Todo se sostiene mientras dure el baile [0.-1]
Me siento en un café de Lisboa, uno de esos rincones que podrían haber sido inventados por Pessoa, con un cuaderno abierto y la vaga sensación de estar persiguiendo un fantasma. Sigo escribiendo sobre mi teoría del relativismo contextualista, esa idea escurridiza que defiende que la verdad o el significado de cualquier afirmación dependen del contexto en que se pronuncia. No es un concepto que se deje atrapar fácilmente. Es como una novela llena de ecos y digresiones, donde cada filósofo que lo aborda parece escribir un capítulo sin saber si pertenece al mismo libro.
Pienso en Ludwig Wittgenstein, un hombre que caminaba por Cambridge como si cargara el peso de las palabras. En sus Investigaciones filosóficas, murmura que el significado no reside en las palabras mismas, sino en los “juegos del lenguaje” donde se deslizan. El contexto lingüístico, social, humano, es el tablero donde las piezas cobran sentido. No era relativista, no del todo, pero dejó la puerta entreabierta para que otros entraran. Lo imagino sonriendo ante esta idea, como si hubiera descrito una biblioteca infinita donde cada libro cambia según quién lo lea.
Luego está Richard Rorty, el neopragmatista que, en Filosofía y el espejo de la naturaleza, parece conversar con un auditorio invisible. Para él, las verdades son hijas de comunidades lingüísticas, de culturas que tejen sus propios relatos. No hay una verdad absoluta, solo historias que se cuentan en un momento dado. Es como si el mundo fuera un manuscrito colectivo, reescrito en cada época. Con su gusto por lo fragmentario, lo compararía con un diario de viaje donde cada parada inventa su propio paisaje.
David Bloor, con su Conocimiento e Imaginario Social, entra en escena como un sociólogo que ha leído demasiadas novelas de detectives. En su mundo, incluso las verdades científicas son criaturas sociales, moldeadas por el contexto cultural e histórico. Lo que llamamos “verdad” no es más que un acuerdo temporal, un murmullo colectivo. Hay algo inquietante en esto, como caminar por un museo donde las etiquetas de los cuadros cambian según quién las mire.
Nelson Goodman, en Maneras de hacer mundos, propone que la realidad misma depende de los “marcos de referencia” que construimos. No hay un mundo único, sino muchos, cada uno tejido con símbolos y perspectivas. Fascinado por lo múltiple, diría que Goodman escribe como si el universo fuera una antología de cuentos, todos igualmente válidos, todos igualmente frágiles.
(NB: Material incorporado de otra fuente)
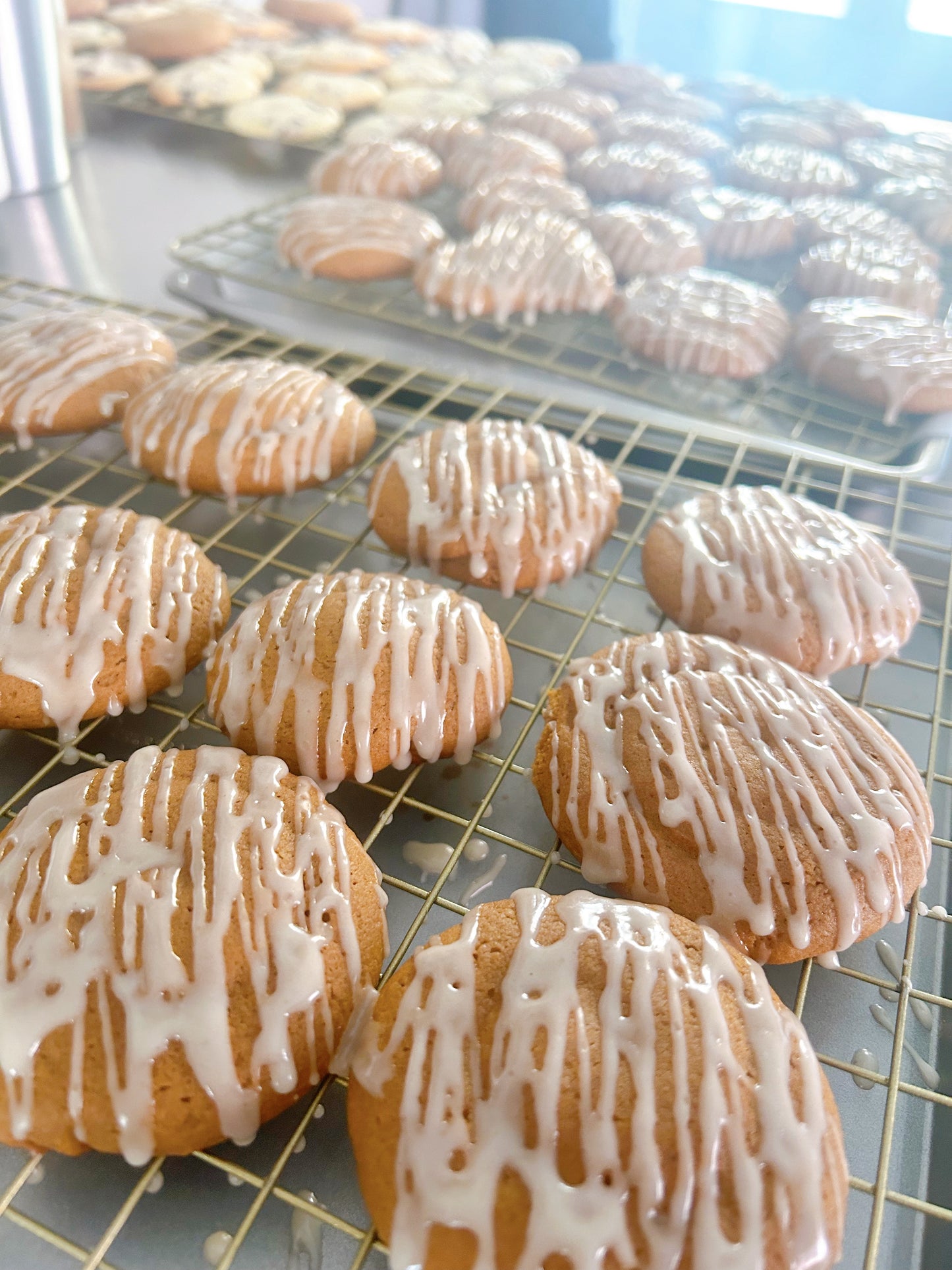 Gingerbread Cookies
Thomas Kuhn, con su Estructura de las revoluciones científicas, aparece como un narrador de grandes relatos históricos. Los paradigmas, dice, dictan lo que consideramos verdadero en un momento dado. No es un relativista puro, pero su idea de que la ciencia danza al ritmo de contextos históricos resuena como una música con una melodía de lo provisional, que se sostiene solo mientras dura el baile.
Hilary Putnam, en su “realismo interno”, explora cómo las verdades dependen de los esquemas conceptuales que habitamos. No abraza el relativismo radical, pero sugiere que la verdad es un huésped de nuestros marcos mentales. Es como si cada uno de nosotros viviera en una novela distinta, y la verdad fuera el título que le ponemos al capítulo.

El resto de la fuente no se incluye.